A senior, she was shocked that her writing was so bad. The Rude Pundit asked her how other professors had not brought this to her attention, and she said she had always done well enough, getting by with Bs and Cs. Instead of thinking that she needed help, she insisted that the Rude Pundit was grading her too harshly. You'll just have to take his word for it that he was not. When she revised her papers, she made as many errors. When she took tests, she wrote answers that were not in any way connected to the questions or a realistic notion of comprehension.
However, she was in her last semester of school before she went into student teaching, which was the last step before she achieved her dream of becoming a full-time elementary school teacher. When the Rude Pundit learned that, he was appalled. He had taught mediocre education students before, but this was beyond the pale. The idea that she would be teaching children how to write actually sickened him. He spoke to other professors about her, and they all said the same thing, which could be reduced to, "Yeah, but what are you gonna do?"
The Rude Pundit flunked her because that was the grade she earned. She angrily confronted him about how he was delaying her becoming a teacher because she would have to take the course again. He replied, "You have no business being a teacher until you learn how to write." She took the course again with another professor, who passed her. Right now she is teaching 5th graders. He knows many other excellent schoolteachers who would find her reprehensible.
Flash forward a year later. The Rude Pundit is overseas in Denmark. He's been brought there to teach interactive political theatre workshops at a couple of colleges or "seminariums." The seminariums he visited were devoted to teaching teachers how to teach. There are eighteen such schools in Denmark, and they train new teachers, who must already have degrees from colleges, and offer in-service additional training to established teachers. In other words, you better be good or you're not teaching the children of Denmark. And why do people do it? Because Denmark values teaching, paying the people who do it well, keeping schools in good shape, and more.
The students the Rude Pundit taught there were not special in terms of the seminariums. But they were incredible. They asked him questions about U.S. involvement in the wars. They developed and performed pieces about torture and sexual harassment and school policies without any prompting. They questioned, constantly, everything about power and authority. And they wrote English better than most of his students back home. He wanted these students to be teachers. Any one of them would have been excellent in the classroom.

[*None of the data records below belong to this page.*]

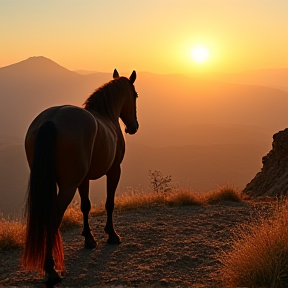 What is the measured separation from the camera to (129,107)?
6.80 m

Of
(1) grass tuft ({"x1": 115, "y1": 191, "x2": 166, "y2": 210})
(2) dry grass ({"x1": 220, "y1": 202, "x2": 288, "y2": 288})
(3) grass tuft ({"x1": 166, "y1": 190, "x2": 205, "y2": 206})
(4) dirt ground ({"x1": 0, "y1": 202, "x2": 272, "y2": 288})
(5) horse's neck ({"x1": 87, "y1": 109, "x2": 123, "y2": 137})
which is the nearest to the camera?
(2) dry grass ({"x1": 220, "y1": 202, "x2": 288, "y2": 288})

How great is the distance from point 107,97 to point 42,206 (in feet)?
7.81

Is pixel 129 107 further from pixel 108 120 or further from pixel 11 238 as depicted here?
pixel 11 238

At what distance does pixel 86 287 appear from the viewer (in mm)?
4445

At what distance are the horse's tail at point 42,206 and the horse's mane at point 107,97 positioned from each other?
1652mm

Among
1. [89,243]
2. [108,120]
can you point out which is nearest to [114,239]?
[89,243]

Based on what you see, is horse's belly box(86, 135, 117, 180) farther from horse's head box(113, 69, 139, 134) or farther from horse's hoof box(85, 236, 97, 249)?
horse's head box(113, 69, 139, 134)

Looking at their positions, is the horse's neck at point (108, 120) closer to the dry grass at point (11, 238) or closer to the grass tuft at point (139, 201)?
the dry grass at point (11, 238)

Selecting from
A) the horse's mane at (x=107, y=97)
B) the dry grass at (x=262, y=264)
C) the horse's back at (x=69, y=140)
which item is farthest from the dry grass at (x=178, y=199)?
the dry grass at (x=262, y=264)

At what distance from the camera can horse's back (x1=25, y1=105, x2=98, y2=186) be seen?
437 cm

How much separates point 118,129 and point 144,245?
5.76ft

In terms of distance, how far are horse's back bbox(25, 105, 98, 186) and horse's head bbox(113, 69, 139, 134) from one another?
6.51 ft

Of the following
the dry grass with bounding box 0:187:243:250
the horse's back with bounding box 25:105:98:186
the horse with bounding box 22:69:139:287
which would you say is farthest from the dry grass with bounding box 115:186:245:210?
the horse's back with bounding box 25:105:98:186

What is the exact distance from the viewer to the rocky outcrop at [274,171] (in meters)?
10.7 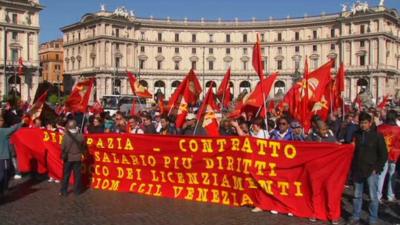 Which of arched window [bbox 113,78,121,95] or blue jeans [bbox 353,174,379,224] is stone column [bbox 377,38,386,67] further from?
blue jeans [bbox 353,174,379,224]

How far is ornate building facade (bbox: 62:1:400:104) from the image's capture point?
302 ft

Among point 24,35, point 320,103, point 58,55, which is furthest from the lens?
point 58,55

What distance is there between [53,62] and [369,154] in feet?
401

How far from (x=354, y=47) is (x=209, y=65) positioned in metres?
27.3

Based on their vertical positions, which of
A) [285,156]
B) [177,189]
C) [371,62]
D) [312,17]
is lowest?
[177,189]

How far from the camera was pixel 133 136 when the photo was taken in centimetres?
1184

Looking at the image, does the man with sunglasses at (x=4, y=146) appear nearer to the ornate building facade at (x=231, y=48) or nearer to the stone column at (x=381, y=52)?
the ornate building facade at (x=231, y=48)

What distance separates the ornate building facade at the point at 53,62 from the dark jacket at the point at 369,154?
116704 mm

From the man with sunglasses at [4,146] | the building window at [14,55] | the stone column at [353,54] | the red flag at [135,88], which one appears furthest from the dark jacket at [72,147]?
the stone column at [353,54]

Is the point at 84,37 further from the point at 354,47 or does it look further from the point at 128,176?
the point at 128,176

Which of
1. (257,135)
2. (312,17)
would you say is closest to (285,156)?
(257,135)

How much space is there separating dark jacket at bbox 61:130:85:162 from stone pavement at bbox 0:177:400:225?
34.4 inches

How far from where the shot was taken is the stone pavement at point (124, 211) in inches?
365

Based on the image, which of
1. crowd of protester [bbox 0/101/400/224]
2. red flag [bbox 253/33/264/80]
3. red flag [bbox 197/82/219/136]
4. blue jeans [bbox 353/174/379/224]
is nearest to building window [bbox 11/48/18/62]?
crowd of protester [bbox 0/101/400/224] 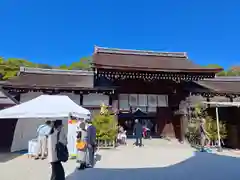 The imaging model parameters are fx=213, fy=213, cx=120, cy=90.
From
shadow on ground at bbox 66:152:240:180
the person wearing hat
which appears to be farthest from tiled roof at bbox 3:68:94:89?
shadow on ground at bbox 66:152:240:180

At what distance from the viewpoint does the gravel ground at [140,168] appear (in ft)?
18.4

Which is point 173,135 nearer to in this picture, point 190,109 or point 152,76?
point 190,109

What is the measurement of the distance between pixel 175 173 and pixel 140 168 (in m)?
1.08

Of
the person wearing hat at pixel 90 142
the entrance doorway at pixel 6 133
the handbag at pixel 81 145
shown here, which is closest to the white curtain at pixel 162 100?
the person wearing hat at pixel 90 142

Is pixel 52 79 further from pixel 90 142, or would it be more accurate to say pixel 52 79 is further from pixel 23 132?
pixel 90 142

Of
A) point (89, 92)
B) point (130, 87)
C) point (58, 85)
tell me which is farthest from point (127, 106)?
point (58, 85)

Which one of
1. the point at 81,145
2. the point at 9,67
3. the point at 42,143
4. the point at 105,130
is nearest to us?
the point at 81,145

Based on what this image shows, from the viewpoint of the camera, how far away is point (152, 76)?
11.9 m

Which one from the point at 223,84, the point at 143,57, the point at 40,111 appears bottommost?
the point at 40,111

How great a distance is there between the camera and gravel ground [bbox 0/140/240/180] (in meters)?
5.61

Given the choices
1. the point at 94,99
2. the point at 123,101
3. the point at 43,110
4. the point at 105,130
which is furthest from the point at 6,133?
the point at 123,101

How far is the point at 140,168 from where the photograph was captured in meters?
Result: 6.53

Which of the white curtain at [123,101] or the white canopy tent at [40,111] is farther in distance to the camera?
the white curtain at [123,101]

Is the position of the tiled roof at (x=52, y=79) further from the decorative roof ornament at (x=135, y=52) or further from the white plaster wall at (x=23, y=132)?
the white plaster wall at (x=23, y=132) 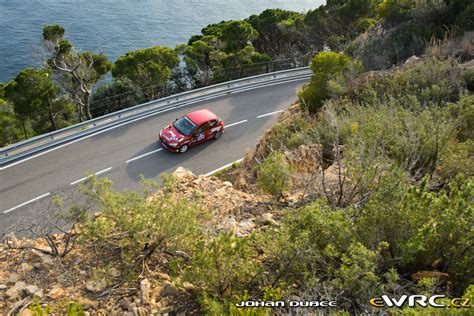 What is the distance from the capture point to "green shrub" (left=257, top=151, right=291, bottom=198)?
8508 millimetres

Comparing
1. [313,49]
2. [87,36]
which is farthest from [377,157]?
[87,36]

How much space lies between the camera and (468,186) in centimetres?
547

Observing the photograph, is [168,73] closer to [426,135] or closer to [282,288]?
[426,135]

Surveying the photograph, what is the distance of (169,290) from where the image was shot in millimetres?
6309

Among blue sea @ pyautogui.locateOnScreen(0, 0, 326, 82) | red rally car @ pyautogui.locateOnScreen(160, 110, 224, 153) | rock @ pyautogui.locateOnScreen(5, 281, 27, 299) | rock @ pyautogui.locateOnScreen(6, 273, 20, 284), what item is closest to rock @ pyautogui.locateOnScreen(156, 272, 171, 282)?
rock @ pyautogui.locateOnScreen(5, 281, 27, 299)

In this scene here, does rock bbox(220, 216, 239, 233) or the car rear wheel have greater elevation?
the car rear wheel

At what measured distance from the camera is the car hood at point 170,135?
16172mm

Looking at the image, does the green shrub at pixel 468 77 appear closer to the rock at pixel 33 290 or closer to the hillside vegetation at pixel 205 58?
the hillside vegetation at pixel 205 58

This compare/contrast essay was prompted by an editorial in today's Washington Post by Matt Miller. In a thoughtful, ambitious piece, Miller avoids blanket condemnation of teachers' unions and instead focuses on a part of the puzzle that doesn't get as much attention: the actual way in which America gets teachers. Miller offers the shocking heresy that "The top performing school systems in the world have strong teachers unions at the heart of their education establishment." The difference is that "[t]he chief educational strategy of top-performing nations such as Finland, Singapore and South Korea is to recruit talent from the top third of the academic cohort into the teaching profession and to train them in selective, prestigious institutions to succeed on the job."
What Miller proposes is a radical alteration in the way the United States approaches the profession of teaching, which he and Paul Kihn offered last year. And it has nothing to do with bullshit bandages like charter schools, school choice, and privatization. No, in fact, it's quite the opposite. It's to treat education like the foundation of a strong society that it actually is:
"What about starting salaries of $65,000 rising to $150,000 for teachers (and more for principals)? And federally funded 'West Points' of teaching and principal training to model for the nation how it can be done? And new federal cash for poor districts now doomed by our 19th-century system of local school finance, so they can compete in regional labor markets for the talent that today gravitates to higher-paying suburbs? And shrinking today’s 15,000 unwieldy, archaic local school districts (where we’re also an international outlier) to, say, a more manageable 60 — one in each state plus 10 big urban districts?"
Miller and Kihn put the cost at $30 billion a year. Or roughly 4.5% of the current military budget. Which means it'll never happen. And we will continue to try to cobble together our education system through bits and pieces and budget cuts and private companies instead of actually behaving as if it matters.